La France va dans droit dans le mur et l’Europe, emmenée par le tourbillon, risque bien de suivre. Comme le disait si bien Max Gallo dans un récent interview : “La malédiction française, c’est le refus de comprendre la nécessité vitale de s’adapter. Tout au long des crises historiques, la France a, à chaque fois, rué devant l’obstacle. Elle n’a pas été capable de le franchir.
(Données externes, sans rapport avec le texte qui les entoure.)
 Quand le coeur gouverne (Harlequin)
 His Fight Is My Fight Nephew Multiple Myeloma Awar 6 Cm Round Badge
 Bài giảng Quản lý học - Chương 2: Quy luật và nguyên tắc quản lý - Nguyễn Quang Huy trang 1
Elle préfère toujours renverser son cavalier”. Ce changement cosmétique de capitaine n’apportera, dans ce contexte, rien de bien positif au titanic hexagonal qui s’approche dangereusement de l’iceberg.
Les candidats du second tour font croire qu’une France aux prises avec une dette publique et des déficits budgétaires insoutenables peut maintenir tranquillement un Etat providence et des rigidités dans le marché du travail et dans l’imposition fiscale quasi confiscatoire qui font office de véritable boulets, de découragements à toute initiative, à toute volonté d’entreprendre.
Selon eux, les maux de leur pays sembleraient venir définitivement et exclusivement de l’extérieur : la mondialisation, le monde de la finance, l’immigration, l’Allemagne, la Grèce rejointe aujourd’hui par l’Espagne. Mais en tout cas pas, au grand jamais, à leur sacro-saint modèle social ou à la législation du travail…. On se réjouit de voir la suite.